Yes, how much difference does the 400-450nm segment make? I can see the absence of the huge blue spike potentially leading to less circadian disturbance. Maybe someone who already has one of the lower-CRI high-intensity setups could try this out, exchange which one is operating in which room, and see if they have a preference for one or the other. If the gradual color shift wasn’t important, the setup would be very simple to trial.
A couple notes:
1. In regards to dimming, I have seen (fairly well-regarded) third parties saying that the CCT/tint stays pretty stable for the Optisolis under current-regulated dimming (as opposed to PWM), but I don’t think Nichia themselves make any claims about it. I don’t even have hearsay about the Sunlike.
2. Just as a followup to my first comment, I have noticed that Yuji has claimed 98CRI stuff also, with two CCTs on separate circuits on the same board, which is convenient. (I was just thinking of buddying the strips) But the price is not competitive, and I have a little more trust in Nichia and Seoul SC just because they are major global players in LED manufacture.
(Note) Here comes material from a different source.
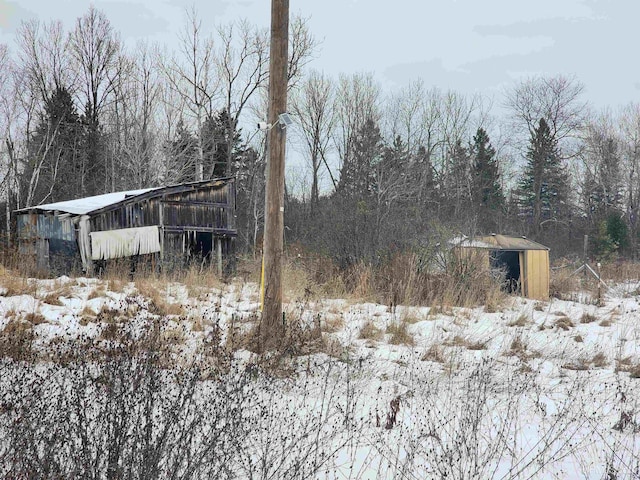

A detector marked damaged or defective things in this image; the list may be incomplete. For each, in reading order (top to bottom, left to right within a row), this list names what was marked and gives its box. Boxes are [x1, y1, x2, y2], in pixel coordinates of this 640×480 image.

rusted metal roof [452, 233, 548, 251]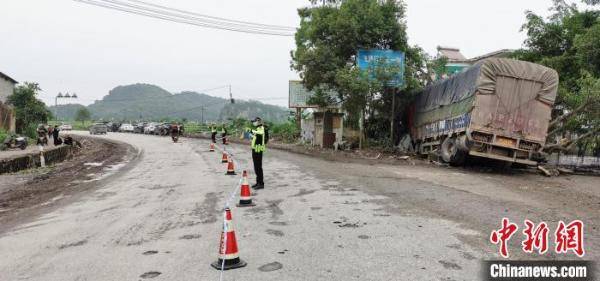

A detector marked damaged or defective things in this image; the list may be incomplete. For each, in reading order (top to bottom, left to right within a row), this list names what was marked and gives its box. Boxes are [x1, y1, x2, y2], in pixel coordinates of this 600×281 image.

damaged cargo truck [412, 58, 556, 165]
cracked road surface [1, 132, 600, 278]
That’s a pretty good thread, and also reveals that there is an existing single-component solution for the scheduled dimmer potentiometer, from the aquarium sphere, which I hadn’t thought of at all. A hundred bucks is a bit more than I was hoping to see, since you still probably need one for each room, but at the very least it simplifies things for the early adopters.
I thought the strips seemed pretty attractive for people making their own setups, since they can passively cool and are already somewhat diffuse. I do think the intensity is plenty high enough (20,000lm in a 56x26cm board), but these Bridgelux COBs the fellow mentions are 10-15% as expensive per lumen as the Optisolis strips, and outperform them too, at least according to their own measurements. As he says, it’s not much more complicated electrically to set them up, but you do have to fasten them to a heatsink with thermal paste, and possibly mount a reflector, which makes things somewhat more tedious. Overall though, even with the expensive controller, a 20000lm device is probably still coming in under 200 USD for materials (not including however you mount it in the space), which is pretty similar to what you get out of the Hue bulbs.